By Pat Host
New Air Force Secretary Deborah James said Wednesday the service owes it to the American people to be able to audit its books.
The Defense Department is undergoing an initiative known as Financial Improvement and Audit Readiness (FIAR) as lawmakers have been demanding for years that DoD get its books ready for audit. The fiscal year 2013 National Defense Authorization Act (NDAA) requires DoD’s Statement of Budgetary Resources (SBR) to be audit-ready by the end of FY ’14. The FY ’10 NDAA also requires DoD’s consolidated financial statements to be audit-ready by September 30, 2017.
The SBR provides information about budgetary resources made available to an agency, as well as the status of those resources, at the end of the fiscal year. It and related note disclosures serve as a tool to link budget execution data in an agency’s financial statements to information reported in the “actual” column in the program and financing (P&F) schedules in the appendix of the president’s budget, according to the Government Accountability Office (GAO).
Unfortunately, the Pentagon has both scaled back and delayed its goals to comply with lawmakers’ wishes. In its November FIAR plan status report, the office of Pentagon comptroller Robert Hale said the fourth quarter FY ’14 target for the Air Force’s SBR audit readiness validation goal was being delayed until third quarter FY ’15, or no later than June 30, 2015. DoD also reduced its goal of SBR audit readiness to a only a Schedule of Budgetary Activity (SBA), which is the current year of budgetary activity.
The FIAR status report said as of November, 19 percent of total budgetary resources have an opinion, or are under audit, and 53 percent of DoD assets are either under examination, have been validated as audit-ready, or have been asserted as audit-ready.
“It’s striking to many people, I think, out in America that we are not able to deliver a clean audit,” James told an Air Force Association (AIA) audience in Arlington, Va. “So we’re marching down that path, trying to get there, we need to stay on that path.”
When pressed for details following her presentation on what the Air Force is doing to successfully reach audit-readiness, James said she is taking these deadlines seriously.
“We are working in that direction…by a lot of persistent focus and putting the resources against it,” James said. “So we’re doing our very best to get there.”
Sens. Tom Coburn (R-Okla.) and Joe Manchin (D-W.Va.) in September introduced legislation that would provide teeth to lawmakers’ demands for audit-ready books. Coburn’s office said in a statement DoD is the only federal agency that has never fully complied with financial management laws.
The bill, known as the “Audit the Pentagon Act of 2013,” mandates that failure to obtain a clean audit opinion in 2018 would result in the services not being allowed to fund new major defense acquisition programs past Milestone B, meaning DoD would not be able to enter into engineering and manufacturing development (EMD) on a new weapon system until it passed a clean audit.

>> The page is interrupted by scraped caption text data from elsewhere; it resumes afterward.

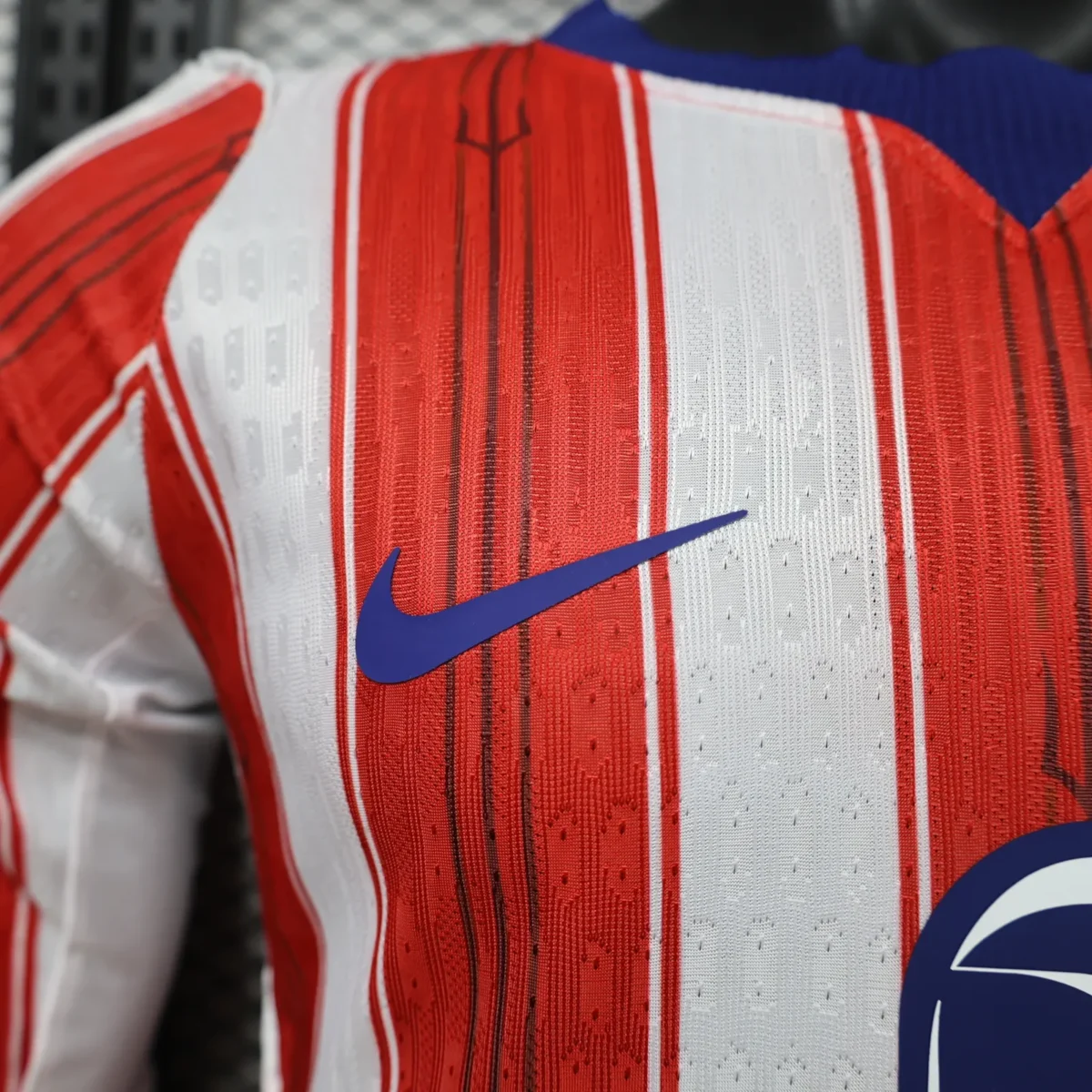 Atletico Madrid 2026/2027 Player Home Long Sleeve Football Shirt Soccer Jersey - Image 5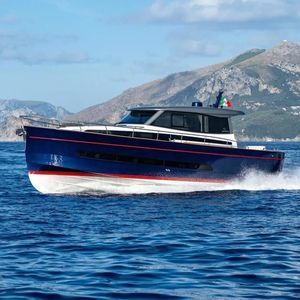 lancha Express Cruiser com motor de centro 1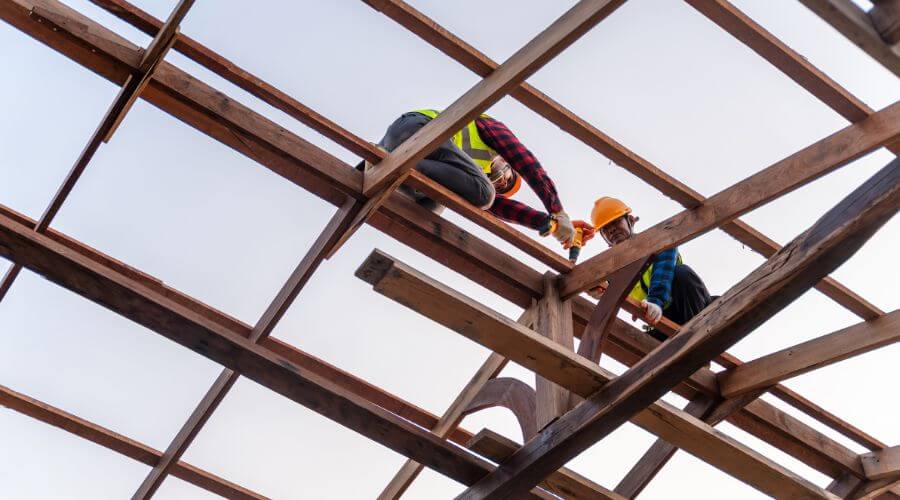 Professional gutter cleaning services in Aberdeen, OH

The bill would prevent procurement of any enterprise resource planning (ERP) business system that is independently estimated to take longer than three years to procure from initial obligation of funds to full deployment. The bill would also authorize termination of an ERP business system at no cost to the government if procurement takes longer than three years from initial obligation of funds to full deployment and sustainment. Congress is still smarting from the Air Force’s difficult deployment of the Defense Enterprise Accounting and Management System (DEAMS), which uses commercial-off-the-shelf (COTS) ERP software to provide accounting and management services. In its FY ’12 annual report to Congress, the DoD’s director, operational test and evaluation (DOT&E) office said DEAMS, in addition to its $2 billion overrun, was 7.5 years behind schedule at the time (Defense Daily, Oct. 11).
Defense Secretary Chuck Hagel said in a December statement the Marine Corps became the first service to successfully undergo an audit when the DoD inspector general (DoD IG) granted it an unqualified, favorable audit opinion for its current year budget statement. Hagel said he remains fully committed to making the Pentagon fully audit-ready by 2017.
James also predicted the Air Force would shrink in size going forward, but would also remain highly capable and on the cutting edge of technology to meet the nation’s needs. There was no doubt in her mind, James said, that the Air Force would become more reliant on its national guard and reserve forces. The National Commission on the Structure of the Air Force will present its report Thursday following a nine-month study of the service’s structure.
“Not only does this make good sense from a mission standpoint, it also makes sense from an economic standpoint,” James said.